通信会社も自動運転技術の開発に取り組んでいる(SKテレコムの実証実験)

自動運転技術の実現には、車両自体の機能開発だけでなく、道路や信号機などインフラ側の機能拡充も重要になる。例えば、信号機と車が直接通信すれば、車載カメラで信号の色を判断するよりも、正確に信号機の状態を把握できるためだ。車と道路、車と信号機が情報をやり取りできる通信規格を今後、関連省庁が策定し、企業側に製品開発を促すという。

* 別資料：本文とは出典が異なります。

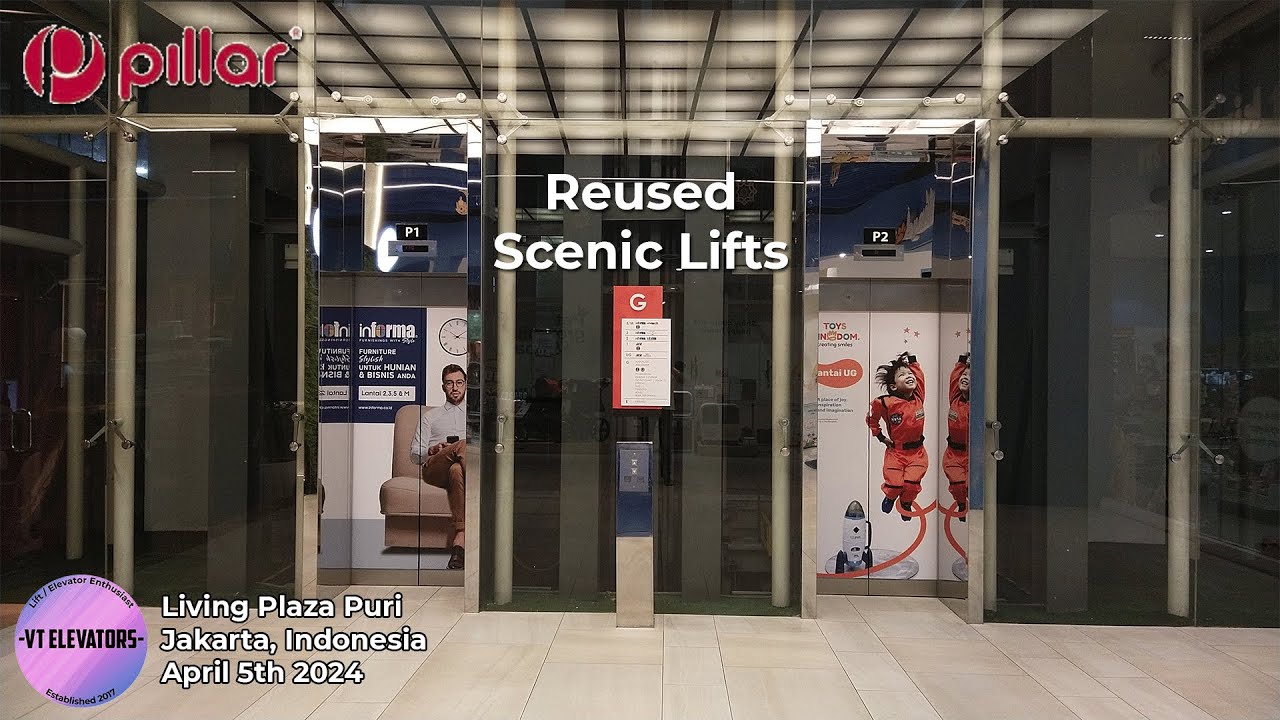 [Reused] SLOW Pillar Traction Scenic Lifts - Living Plaza Puri, Jakarta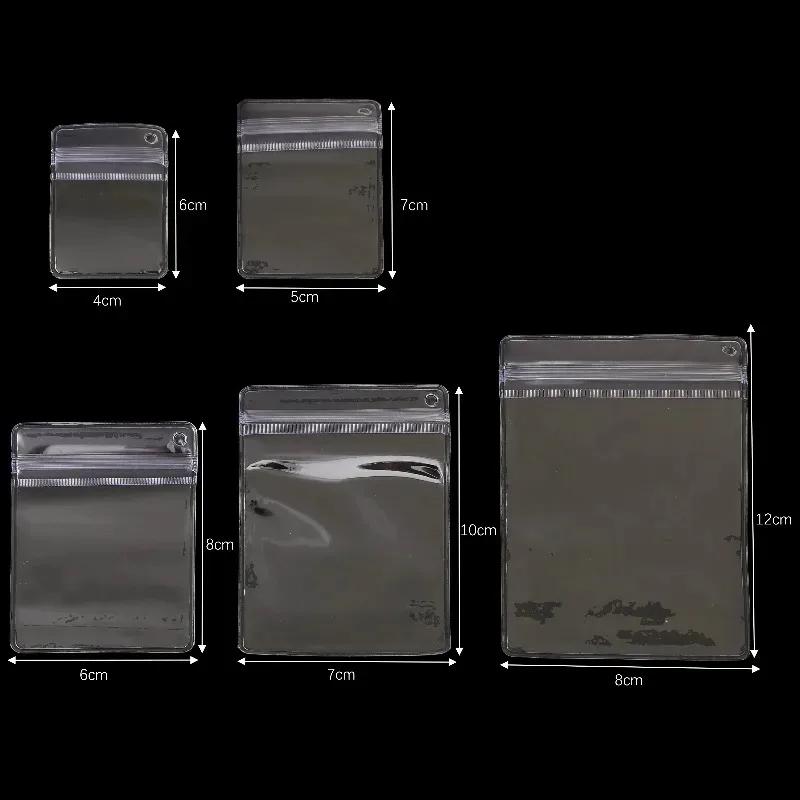 20-100 Stück PVC Schmuckaufbewahrung Selbstversiegelnde Beutel Handgemacht DIY Transparenter Beutel Seitenperforiert Kettentasche Anti-Oxidations-Beutel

韓国は官民が連携して次世代通信網「5G」の整備を世界に先駆けて進めており、自動運転関連の通信規格の策定で先手を打つ狙いもありそうだ。KTやSKテレコムなどが同分野の研究開発を進めており、政府が自動運転実用化のロードマップを示すことで民間の開発を加速させる。

ただインフラ側の整備が進んだとしても、車両自体の自動運転技術は他国に比べて遅れている。韓国最大手の現代自動車は9月に米自動車部品大手の米アプティブ(旧米デルファイ・オートモーティブ)と同分野で提携し、競合との遅れを取り戻そうと動き始めたばかり。官の中長期的な構想に対して、民間企業の実行力が伴うかは不透明な部分もある。